*Description of the task*:
From the first line of the data through the line containing "糸貫駅(岐阜県)の土地価格推移", return each line exactly.

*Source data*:
>>>

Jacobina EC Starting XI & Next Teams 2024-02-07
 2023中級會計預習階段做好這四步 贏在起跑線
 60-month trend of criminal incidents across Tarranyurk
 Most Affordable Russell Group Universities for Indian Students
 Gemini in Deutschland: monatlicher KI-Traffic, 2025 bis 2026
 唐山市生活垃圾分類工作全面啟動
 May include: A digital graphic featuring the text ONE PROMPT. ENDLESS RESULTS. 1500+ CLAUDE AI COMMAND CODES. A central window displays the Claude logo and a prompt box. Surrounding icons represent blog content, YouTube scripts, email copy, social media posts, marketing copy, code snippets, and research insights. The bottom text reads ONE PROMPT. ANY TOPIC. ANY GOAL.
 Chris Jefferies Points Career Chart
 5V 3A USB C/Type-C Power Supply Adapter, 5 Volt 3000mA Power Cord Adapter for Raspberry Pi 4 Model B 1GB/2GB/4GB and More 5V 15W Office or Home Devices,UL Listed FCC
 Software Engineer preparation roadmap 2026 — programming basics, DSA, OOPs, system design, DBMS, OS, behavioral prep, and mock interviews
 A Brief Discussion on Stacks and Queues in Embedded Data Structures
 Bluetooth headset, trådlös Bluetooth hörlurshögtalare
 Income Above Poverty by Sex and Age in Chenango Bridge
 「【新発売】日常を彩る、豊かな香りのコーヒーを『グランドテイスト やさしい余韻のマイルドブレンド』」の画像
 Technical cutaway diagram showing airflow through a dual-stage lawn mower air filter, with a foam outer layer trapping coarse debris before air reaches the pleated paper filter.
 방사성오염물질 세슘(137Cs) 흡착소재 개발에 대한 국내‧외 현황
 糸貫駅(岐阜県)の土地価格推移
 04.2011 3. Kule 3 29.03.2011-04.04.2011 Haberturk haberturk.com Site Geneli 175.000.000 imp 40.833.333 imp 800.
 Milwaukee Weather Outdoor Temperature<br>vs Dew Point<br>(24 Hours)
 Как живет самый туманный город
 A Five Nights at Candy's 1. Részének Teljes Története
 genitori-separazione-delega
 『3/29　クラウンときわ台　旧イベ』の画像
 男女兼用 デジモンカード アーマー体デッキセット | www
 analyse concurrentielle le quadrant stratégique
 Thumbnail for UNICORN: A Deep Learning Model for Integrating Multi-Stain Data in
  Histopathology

<<<

*Expected answer*:
Jacobina EC Starting XI & Next Teams 2024-02-07
 2023中級會計預習階段做好這四步 贏在起跑線
 60-month trend of criminal incidents across Tarranyurk
 Most Affordable Russell Group Universities for Indian Students
 Gemini in Deutschland: monatlicher KI-Traffic, 2025 bis 2026
 唐山市生活垃圾分類工作全面啟動
 May include: A digital graphic featuring the text ONE PROMPT. ENDLESS RESULTS. 1500+ CLAUDE AI COMMAND CODES. A central window displays the Claude logo and a prompt box. Surrounding icons represent blog content, YouTube scripts, email copy, social media posts, marketing copy, code snippets, and research insights. The bottom text reads ONE PROMPT. ANY TOPIC. ANY GOAL.
 Chris Jefferies Points Career Chart
 5V 3A USB C/Type-C Power Supply Adapter, 5 Volt 3000mA Power Cord Adapter for Raspberry Pi 4 Model B 1GB/2GB/4GB and More 5V 15W Office or Home Devices,UL Listed FCC
 Software Engineer preparation roadmap 2026 — programming basics, DSA, OOPs, system design, DBMS, OS, behavioral prep, and mock interviews
 A Brief Discussion on Stacks and Queues in Embedded Data Structures
 Bluetooth headset, trådlös Bluetooth hörlurshögtalare
 Income Above Poverty by Sex and Age in Chenango Bridge
 「【新発売】日常を彩る、豊かな香りのコーヒーを『グランドテイスト やさしい余韻のマイルドブレンド』」の画像
 Technical cutaway diagram showing airflow through a dual-stage lawn mower air filter, with a foam outer layer trapping coarse debris before air reaches the pleated paper filter.
 방사성오염물질 세슘(137Cs) 흡착소재 개발에 대한 국내‧외 현황
 糸貫駅(岐阜県)の土地価格推移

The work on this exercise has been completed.